According to a study published today (February 22) in PLOS Biology, the current design of some preclinical studies may be undermining their reproducibility. Including just a few additional laboratories in each preclinical trial could improve the replicability of study results, the authors find.
A clinical trial would never be designed that only drew one cohort of participants from a single tiny village, but preclinical trials are typically designed in precisely that manner, study coauthor Hanno Würbel, a zoologist at the University of Bern, tells The Scientist. “If you want generally valid conclusions that apply to a whole range of conditions or individuals in a population, then you need to address this heterogeneity,” he says. “That leads to larger variation within your study cohort, but that is just an image of reality.”
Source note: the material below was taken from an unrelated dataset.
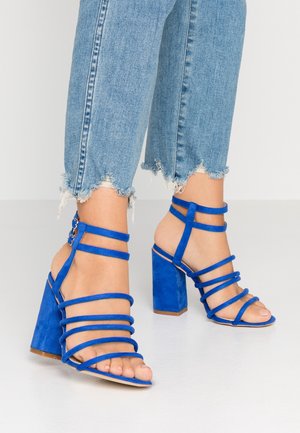 Voeten met blauwe sandalen met bandjes en hoge hak, gecombineerd met blauwe denimjeans met rafelige zoom op een lichte vloer.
In 1999, a report in Science found individual laboratories had unique differences that could yield “idiosyncratic” results, even when study protocols and housing conditions for animal models were rigorously standardized. That prompted Würbel, who was then studying how different environments affect behavior and brain function in mice and rats, to begin investigating the effect of various lab conditions on study outcomes. “If you run a highly standardized study—all animals with the same genotype, all exposed to the same conditions—you may obtain a highly precise result,” he says. “But it may only be valid under the specific conditions [of the study].” He concluded that perhaps by including multiple laboratories in a study, the problem could be mitigated.
If your hypothesis doesn’t stand the test of a heterogenized preclinical setting, then there is probably little hope that under clinical conditions it will work.—Hanno Würbel,
University of Bern
To test this idea, Würbel and his colleagues simulated single- and multi-laboratory experiments with published results from preclinical studies. They included 440 preclinical studies across 13 animal models of stroke, myocardial infarction, and breast cancer.
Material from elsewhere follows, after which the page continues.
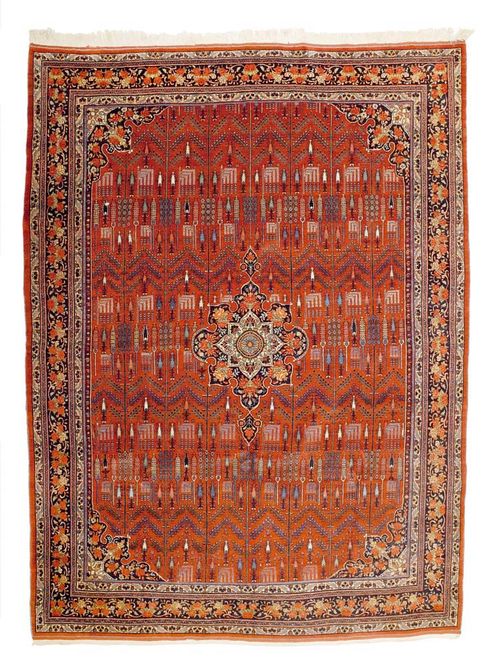 BIDJAR ca. 1930.Red central field patterned with stylised plants and trees in green and beige, with dark border with roses. Good condition, 374x272 cm.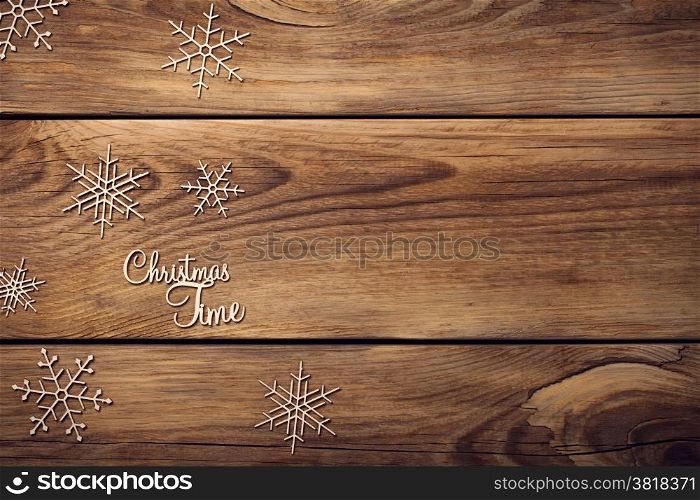 Christmas background with snowflakes on wooden table. Copy space. Top view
To model several laboratories collaborating on a single study, the team combined data from multiple independent studies. They found that including just two to four laboratories in a study was enough to produce more-consistent results than single-laboratory studies, which had high variation between their findings. They first conducted a meta-analysis of 50 independent studies on the effect of hypothermia on stroke severity in rodents, and found that it reduces severity by 50 percent. They used this number as a benchmark, comparing it to single- and multi-lab simulations’ predictions of the reduction in severity. Single-lab studies successfully predicted it 50 percent of the time. Adding a second lab to the simulation increased prediction success from 50 percent to 73 percent. Adding a third raised it to 83 percent, and adding a fourth, to 87 percent.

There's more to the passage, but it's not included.